Requisiti per partecipare
Per accedere alla selezione è necessario possedere:
Maggior età
Cittadinanza italiana o equiparata
Pieno godimento dei diritti civili e politici, assenza di condanne o procedimenti penali in corso
Idoneità fisica all’impiego pubblico
Inoltre:
Diploma di scuola superiore per il profilo Assistenti.
Laurea triennale o magistrale in discipline giuridiche, economiche o sociali per il profilo Funzionari; consultare il bando ufficiale per verificare la classe di laurea richiesta.
Termini e modalità di iscrizione
Le domande devono essere presentate entro le ore 23:59 del 29 agosto 2025, esclusivamente online tramite il portale InPA, con autenticazione tramite SPID, CIE o CNS/eIDAS.
Ogni candidato può presentare la domanda per uno o entrambi i profili, ma ciascuna domanda deve essere compilata separatamente.
La prova d’esame
Unica prova scritta distinta per profili.
Le materie d’esame comuni includono:
Diritto penale, ambiti specifici come delitti contro la PA, contro l’amministrazione della giustizia e la fede pubblica;
Diritto processuale civile e penale, con particolare riferimento alle notificazioni e alle esecuzioni;
Disciplina dei protesti cambiari e assegno bancario.
Distribuzione territoriale
I posti saranno dislocati in tutti i distretti giudiziari d’Italia. Ad esempio:
Funzionari (370 posti): Ancona‑18, Bologna‑28, Brescia‑22, Firenze‑32, Milano‑32, Roma‑25, Salerno‑5, Taranto‑1, Torino‑24 ecc.
Assistenti (2.600 posti): ripartizione analoga tra i distretti, con flessibilità nel risultato della graduatoria finale.
Punti chiave del bando
1. Riserve previste: circa il 10 % dei posti per persone con disabilità, come indicato dalla normativa vigente .

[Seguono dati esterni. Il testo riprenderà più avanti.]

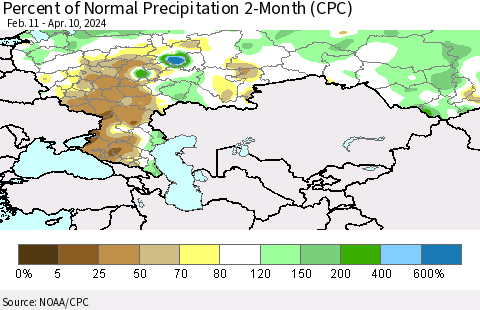 Russian Federation Percent of Normal Precipitation 2-Month (CPC) Thematic Map For 2/11/2024 - 4/10/2024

2. Partecipazione aperta anche a ex precari RIPAM in alcune regioni, secondo disposizioni ministeriali .
3. Graduatorie valide per 2 anni, utilizzabili per futuri inserimenti previsti dalla normativa sui concorsi pubblici .
Come prepararsi al meglio
Procurati il bando ufficiale dal sito InPA e scarica il manuale specifico per ciascun profilo.

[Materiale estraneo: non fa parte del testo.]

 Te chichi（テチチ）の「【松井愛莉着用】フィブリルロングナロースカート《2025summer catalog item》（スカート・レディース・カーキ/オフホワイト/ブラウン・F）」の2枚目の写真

Studia con attenzione le materie indicate per la prova scritta.
Completa tempestivamente la registrazione con SPID/CIE/CNS.

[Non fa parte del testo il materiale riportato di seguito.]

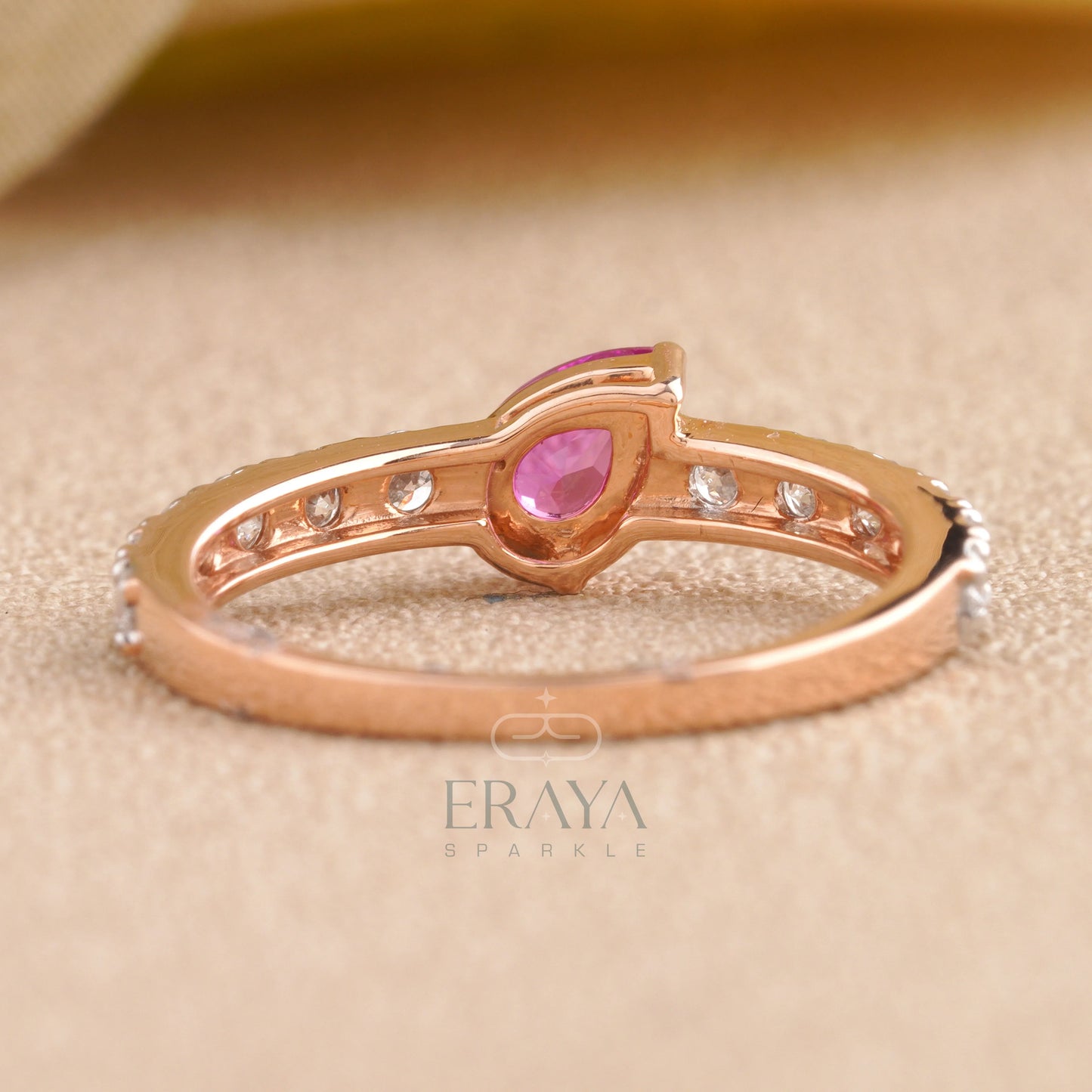 Pear Pink Color Stone Engagement Ring - erayasparkle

Organizzati per completare la domanda con dati personali, titoli e PEC.
Rimani aggiornato su eventuali avvisi ufficiali relativi a sedi, date o aggiornamenti sul bando.
Il Concorso del Ministero della Giustizia per 2.970 posti rappresenta una delle più grandi opportunità in Italia nel 2025. Offre sbocchi professionali stabili sia a diplomati (2600 posti) che laureati (370 posti), con procedure semplificate e una sola prova scritta. La scadenza per presentare domanda è fissata al 29 agosto 2025, tramite il portale InPA.